Mental Health Services: Schools

(asked on 15th November 2021) - View Source

Question to the Department for Education:

To ask the Secretary of State for Education, if he will make it his policy to increase the funding provided to schools on mental health support for students.


Answered by
Will Quince Portrait
Will Quince
This question was answered on 23rd November 2021

Education is a devolved matter, and the response will outline the education reforms for England. The government remains committed to promoting and supporting mental health and wellbeing in schools and colleges. The department recognises it is more important than ever that children and young people have access to the support they need for their mental health and wellbeing, and we know that funding the right services and provision within education settings is key to ensuring they do so.

On 10 May 2021, as a part of our Mental Health Awareness week, the department announced £17 million towards improving mental health and wellbeing support for children and young people. This included £9.5 million to offer senior mental health led training to around a third of all state schools and colleges in academic year 2021/22, helping them to implement effective holistic approaches to mental health and wellbeing, and £7 million to Wellbeing for Education Recovery, enabling local authorities to continue supporting schools and colleges until the autumn to meet ongoing mental wellbeing needs.

Schools support the mental wellbeing of their pupils as part of their curriculum provision and pastoral support, which is paid for from schools’ core funding; the autumn 2021 Spending Review delivers an additional £4.7 billion for the core schools budget by financial year 2024/25, compared to previous plans. This settlement includes an additional £1.6 billion for schools and high needs in 2022/23, on top of the funding we previously announced. It also includes an additional £1 billion for a recovery premium over the next two academic years (2022/23 and 2023/24). Schools will have flexibility to target funding towards those pupils who need it most, and we will publish further detail around rates, allocations, and conditions of grant in due course.

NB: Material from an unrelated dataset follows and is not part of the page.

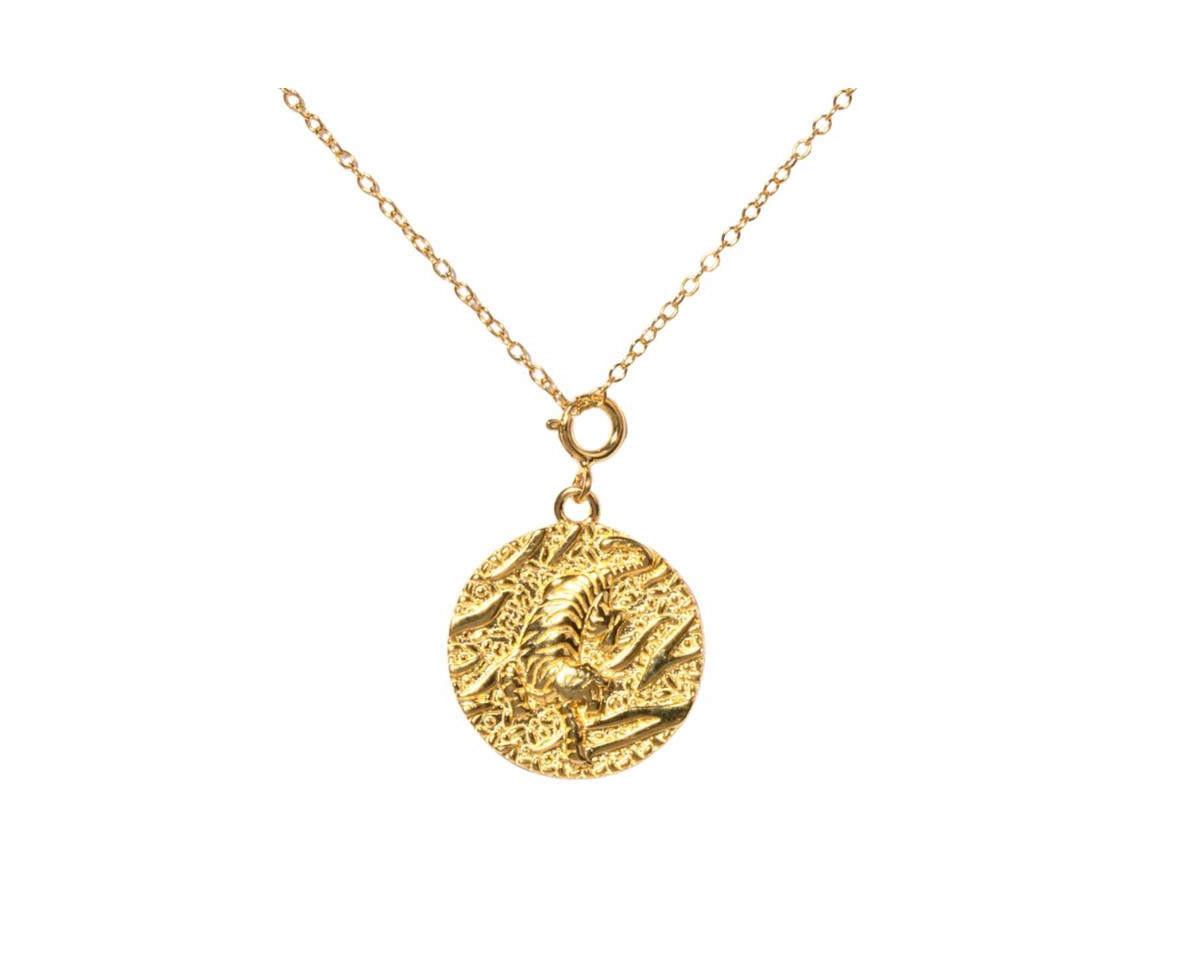 Women's 14K Gold Plated Tiger Coin Necklace - Gold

Beyond this, the department is also investing up to £5 billion to support recovery for children and young people who need it most. This includes the Recovery Premium for this academic year worth over £300 million, weighted so that schools with more disadvantaged pupils receive more funding. Schools can use this funding to deliver evidence based approaches to supporting the mental health and wellbeing of their pupils.

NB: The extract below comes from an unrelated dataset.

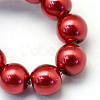 Baking Painted Pearlized Glass Pearl Round Bead Strands HY-Q003-6mm-51-3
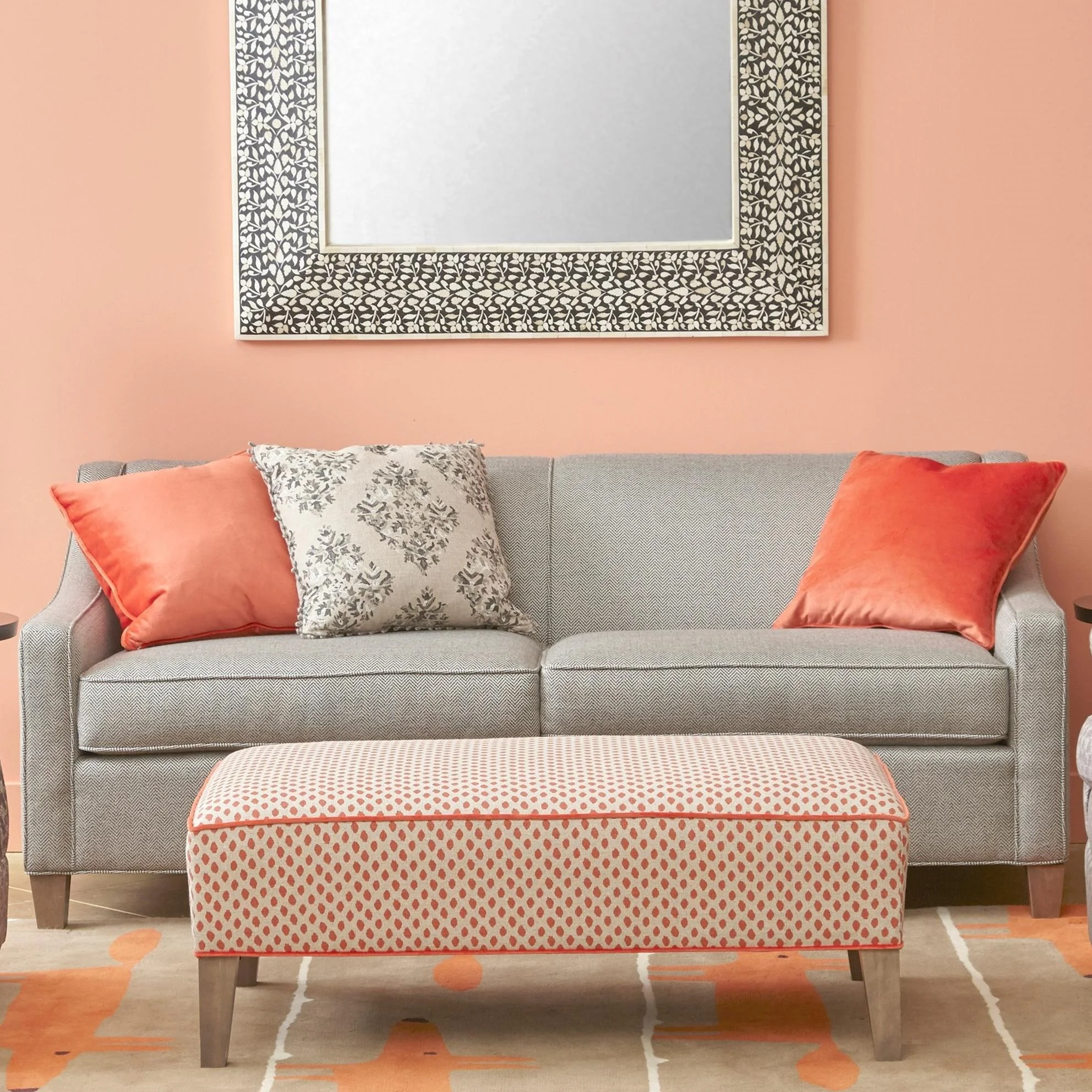 Norwalk Blake 716 71670 71670Gray Contemporary Stationary Sofa with Track Arms and Welted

This is in addition to the £79 million announced by the Department of Health and Social Care in March 2021 to significantly expand children’s mental health services. This will partly be spent on speeding up and expanding the provision of Mental Health Support Teams in schools and colleges, meaning nearly 3 million children in England will access school or college-based support by April 2023.

The department does not expect teachers to be mental health experts. Therefore, for those that need more specialist support, the NHS Long Term Plan is backed by an additional £2.3 billion a year for mental services by financial year 2023/24. This will mean at least 345,000 more children and young people will be able to access support as we aim to ensure that mental and physical health are treated equally.